11. The method of claim 10, wherein the polynucleotide is encapsulated in the lipid nanoparticle.

12. The method of claim 11, wherein the lipid is selected from the group consisting of DLin-DMA, DLin-K-DMA, 98N12-5, C12-200, ckk, E12, DLin-MC3-DMA, DLin-KC2-DMA, DODMA, DOPE, DSPC, PLGA, PEG-DMG, PEG-DSG, PEG-DSPE, PEG-DOMG, PEGylated lipids, polyethylenimine (PEI) and chitosan.

13. The method of claim 11, wherein the lipid is an ionizable amino lipid.

14. The method of claim 13, wherein the ionizable amino lipid is selected from the group consisting of DLin-MC3-DMA and DLin-KC2-DMA.
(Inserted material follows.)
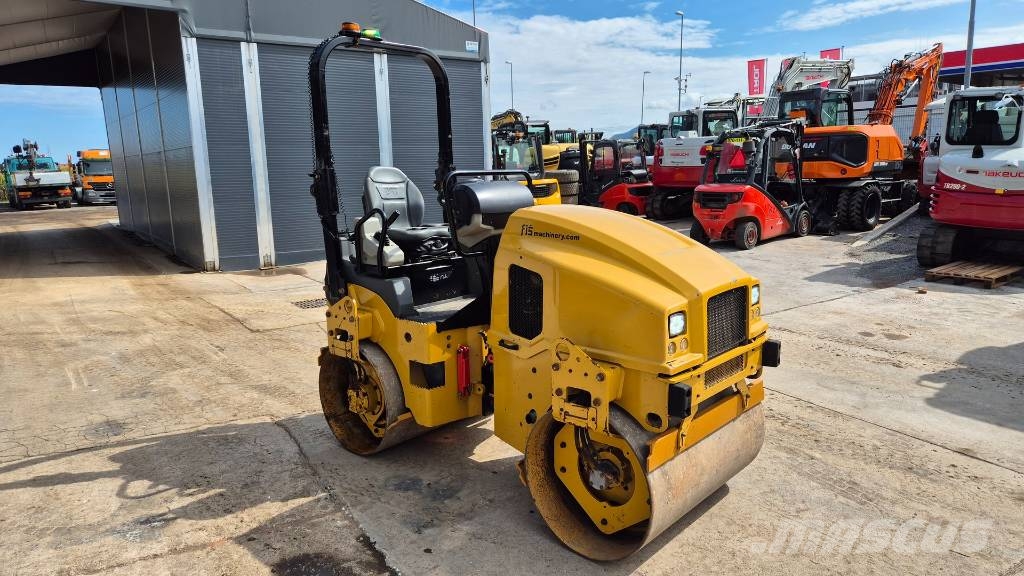 CAT CB 2.7 - 2018 YEAR - 800 HOURS Dvojni valjarji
15. The method of claim 1, wherein contacting said mammalian cells or tissues occurs via a route of administration selected from the group consisting of intraotic, subcutaneous or intramuscular.
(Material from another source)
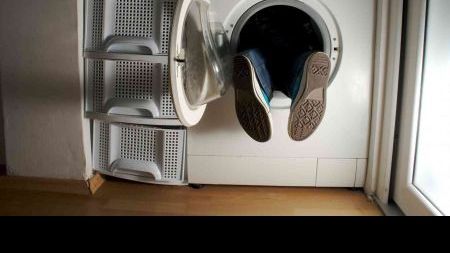 Ce să nu bagi niciodată în mașina de spălat 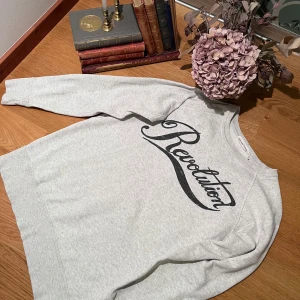 Isabel Marant Étoile stl 40 - Säljer en snygg grå sweatshirt Isabel Marant Étoile stl 40. Tröjan är i bra skick och har långa ärmar med ribbade muddar. Hittat ett litet hål i mudd, se bild. Perfekt för en avslappnad stil eller en chill dag hemma. Passar till det mesta och är superbekväm! ✨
16. The method of claim 2, wherein the mRNA comprises at least one 5' terminal cap selected from the group consisting of Cap0, Cap1, ARCA, inosine, N1-methyl-guanosine, 2' fluoro-guanosine, 7-deaza-guanosine, 8-oxo-guanosine, 2-amino-guanosine, LNA-guanosine, and 2-azido-guanosine.

17. The method of claim 16, wherein the 5' terminal cap is Cap1.
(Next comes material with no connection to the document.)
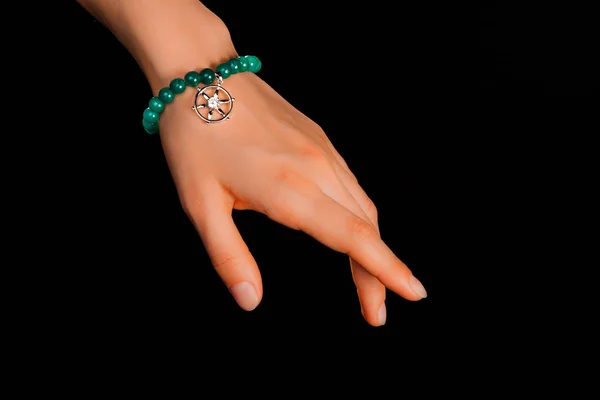 Mooie Elegante Handgemaakte Sieraden Edelsteen Armband Met Kleurrijke Glanzende Kralen — Stockfoto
18. The method of claim 5, wherein the polynucleotide comprises at least two chemical modifications.

19. The method of claim 1, wherein the polynucleotide encodes one or more polypeptides selected from the group consisting of BSND, CDH23, CLDN14, COL11A2, Cx26/GJB2, Cx30/GJB6, DFN31, ESPN, ESRRB, GPSM2, GRXCR1, HGF, LHFPL5, LOXHD1, LRTOMT, MARVELD2, MYO15, MYO3A, MYO6, MYO7A, OTOA, OTOF, PCDH15, PJVK, PTPRQ, RDX, SLC26A4, SLC26A5, STRC, TMC1, TMIE, TMPRSS3, TPRN, TRIOBP, USH1C, COL4A3, COL4A4, COL4A5, GJA7, GJB2, GJB3, GJB6, GJC3, Cldn11, Cldn14, TMPRSS3, KCNQ1/KCNE1, KCNJ10, Slc12a2, CLCNKA, CLCNKB, ATP6V1B1, ATP6VOA4, SLC26A4, AQP4, Actin, ACTA1, ACTG2, ACTA2, ACTG1, ACTB, ACTC1, CDHR23, CLRN1, ESPN, GPR98 (formerly termed VLGR12), USH1C, HDIA, Myosin IIIa, Myosin VIIa, Myosin XV, OTOA, PCDH15, RDX, USH1G, STRC, TRIOBP, DFNB31, KPTN, IGF-1, AM-111, dominant-negative JNK1, d-JNK1, SOD1, SOD2, Necrostatin-1, DFNA5, MSRB3, Ginsenoside RB1 (Kappo), GDNF, CNTF, BDNF, ARC/Arg3.1, ATOH1, ATOH1, HES 1, HES 5, Atoh1, Six1, Eya1, Sox2, Neurog1, Neurod1, Ntf3/NT-3, BDNF, Shh, Rab15, SELM, Sox2, Six1, Eya1, Rab15, SELM, ATOH1, Neurog1, Neurod1, Ntf3/NT-3, BDNF, GATA3, Neurog1, FOXG1, ADNF9, NGF, Pou4f3, GFI1, IL10, NRG1, BMP2 and NRG1.